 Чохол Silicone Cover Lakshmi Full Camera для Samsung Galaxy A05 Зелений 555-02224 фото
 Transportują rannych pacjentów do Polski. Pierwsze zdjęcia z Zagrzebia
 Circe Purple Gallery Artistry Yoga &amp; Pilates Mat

--

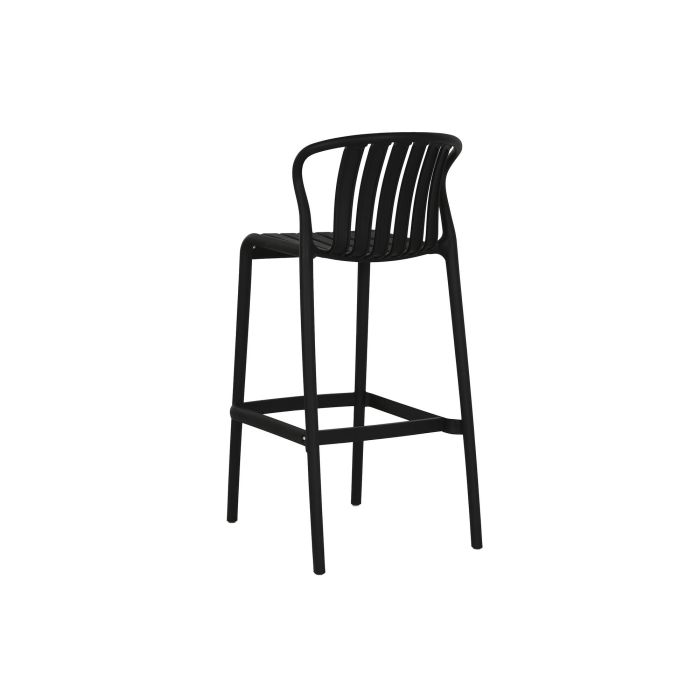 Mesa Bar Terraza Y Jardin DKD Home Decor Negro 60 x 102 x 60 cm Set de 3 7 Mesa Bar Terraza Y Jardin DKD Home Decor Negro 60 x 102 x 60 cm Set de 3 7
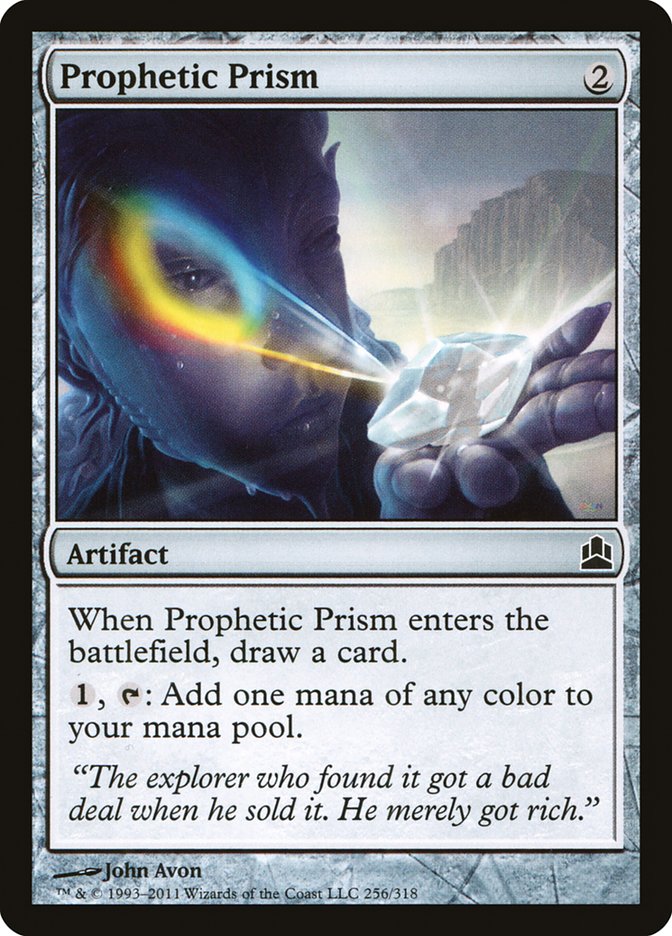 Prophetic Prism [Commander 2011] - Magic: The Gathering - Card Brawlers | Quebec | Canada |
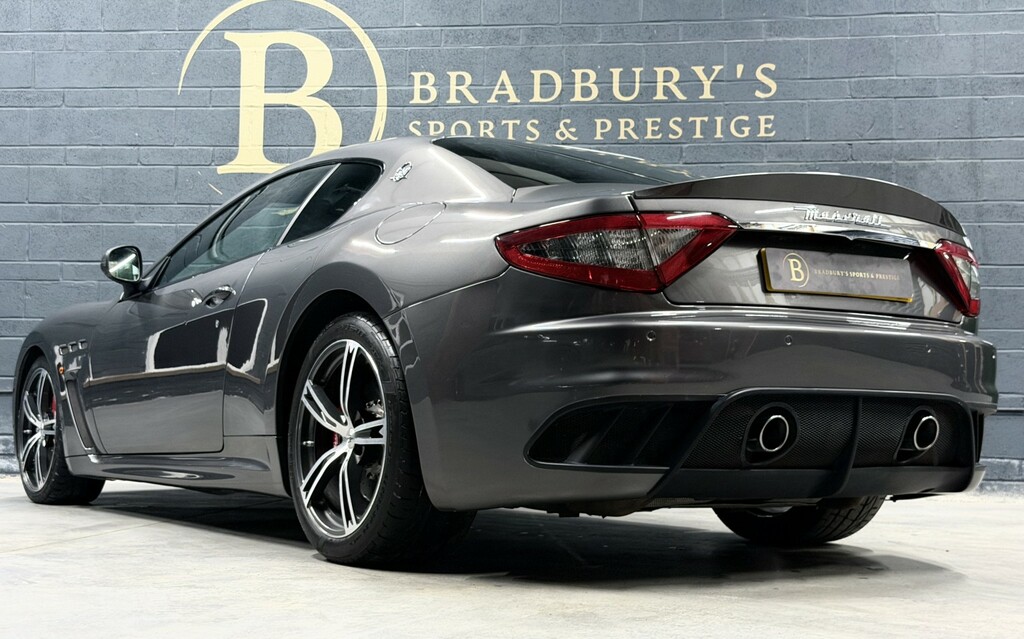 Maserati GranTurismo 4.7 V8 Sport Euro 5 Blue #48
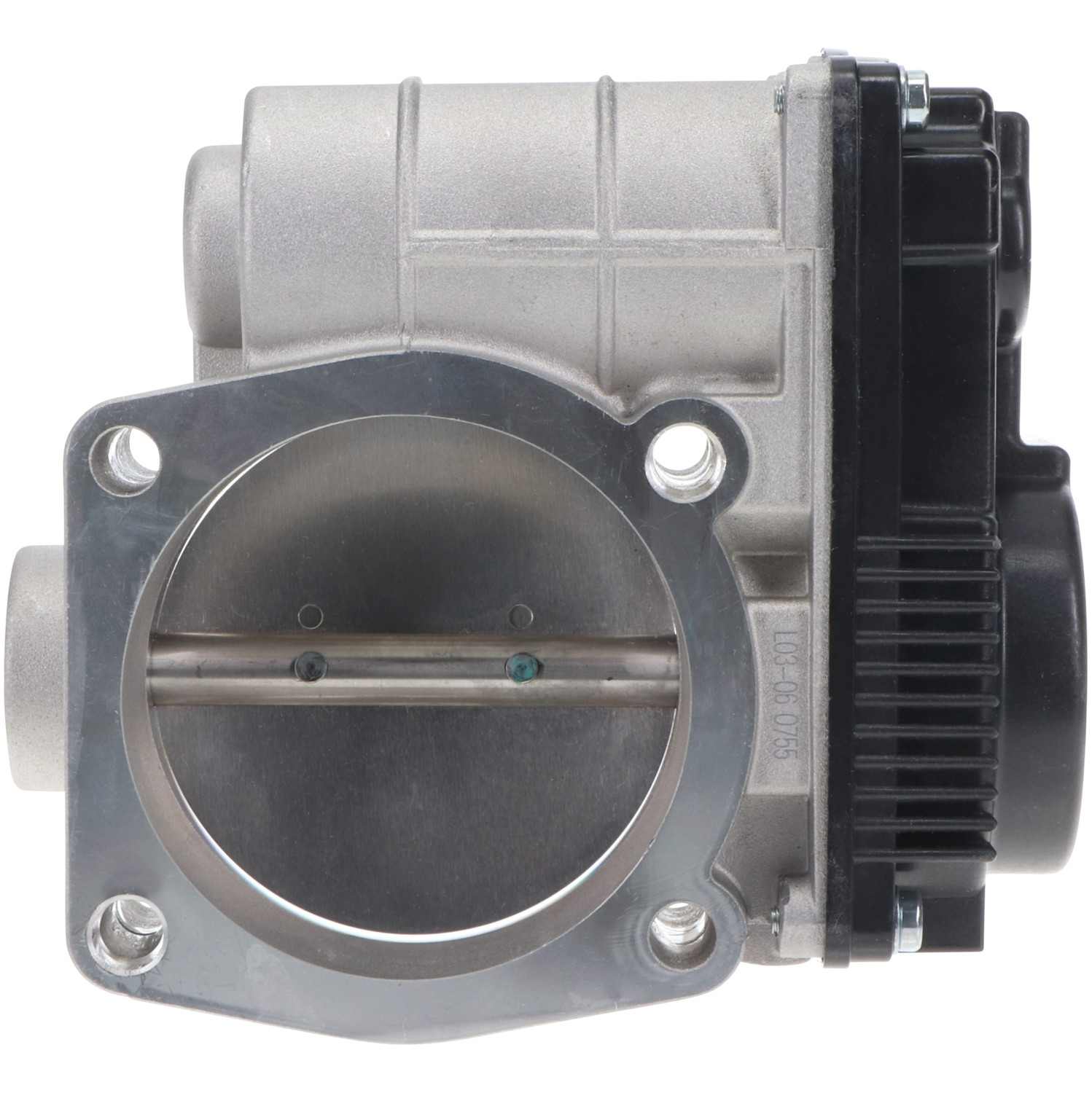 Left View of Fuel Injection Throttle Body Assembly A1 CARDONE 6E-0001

---

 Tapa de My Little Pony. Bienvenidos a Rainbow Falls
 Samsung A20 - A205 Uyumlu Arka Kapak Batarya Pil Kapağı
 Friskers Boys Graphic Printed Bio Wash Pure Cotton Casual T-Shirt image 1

> _What to do_: Each line of the data that contains "Samsung" belongs in the answer.

> _Task solution_:
 Чохол Silicone Cover Lakshmi Full Camera для Samsung Galaxy A05 Зелений 555-02224 фото
 Samsung A20 - A205 Uyumlu Arka Kapak Batarya Pil Kapağı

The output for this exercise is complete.